**TASK DETAILS**
In the listing that follows, find the line with "Arbor 1 wooden", then copy exactly from it through the line with "TX license plate DZD9367", leaving out every picture.
STUDY MATERIAL Block Start
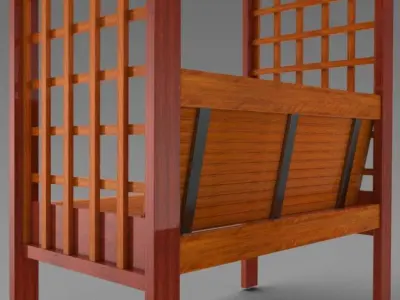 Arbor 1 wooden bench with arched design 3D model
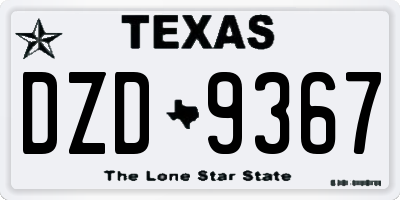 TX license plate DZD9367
STUDY MATERIAL Block End
STUDY MATERIAL Block Start
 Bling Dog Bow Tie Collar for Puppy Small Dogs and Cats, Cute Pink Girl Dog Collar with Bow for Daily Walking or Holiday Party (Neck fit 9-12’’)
STUDY MATERIAL Block End
STUDY MATERIAL Block Start
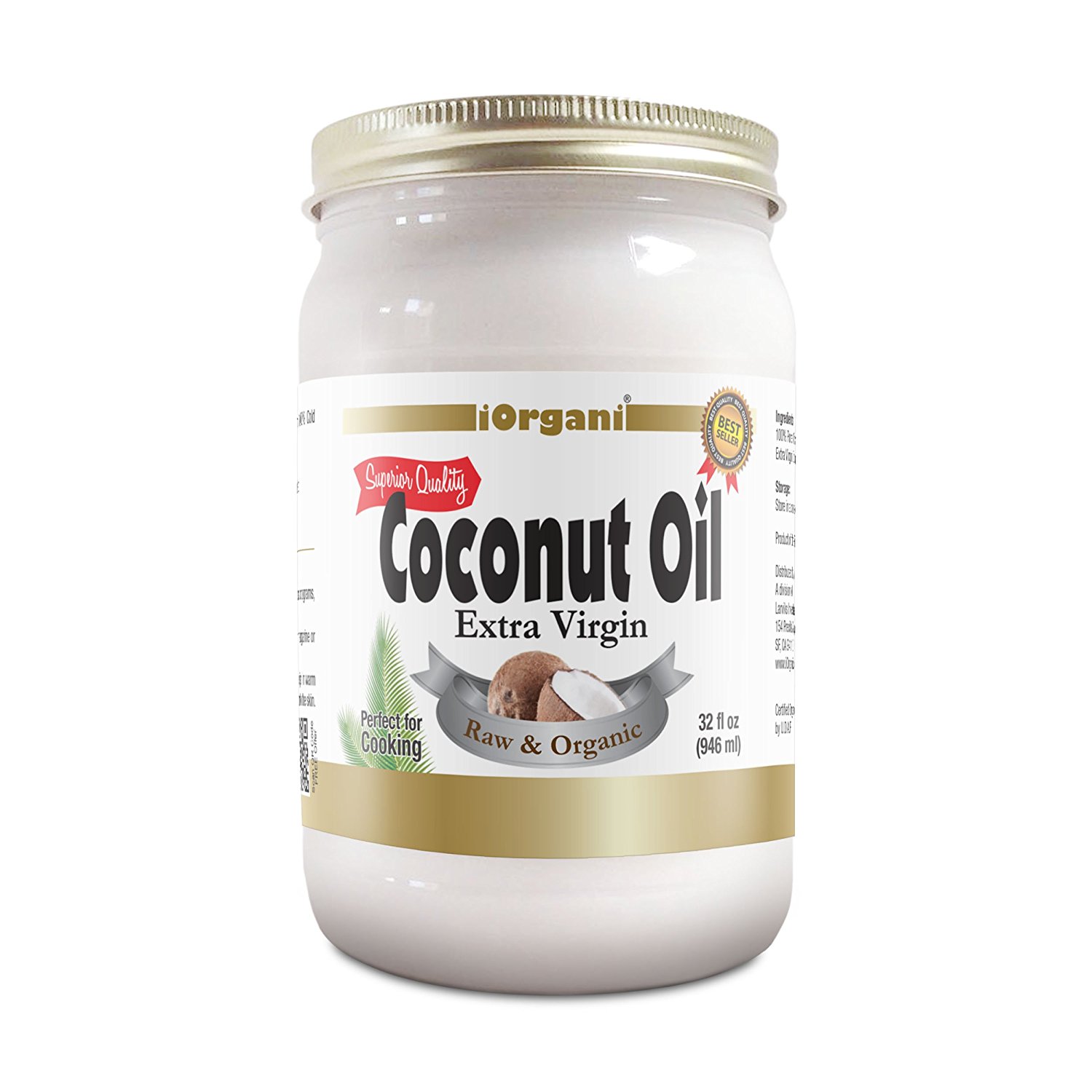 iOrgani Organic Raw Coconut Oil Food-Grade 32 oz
STUDY MATERIAL Block End
**YOUR SOLUTION**
 Arbor 1 wooden bench with arched design 3D model
 TX license plate DZD9367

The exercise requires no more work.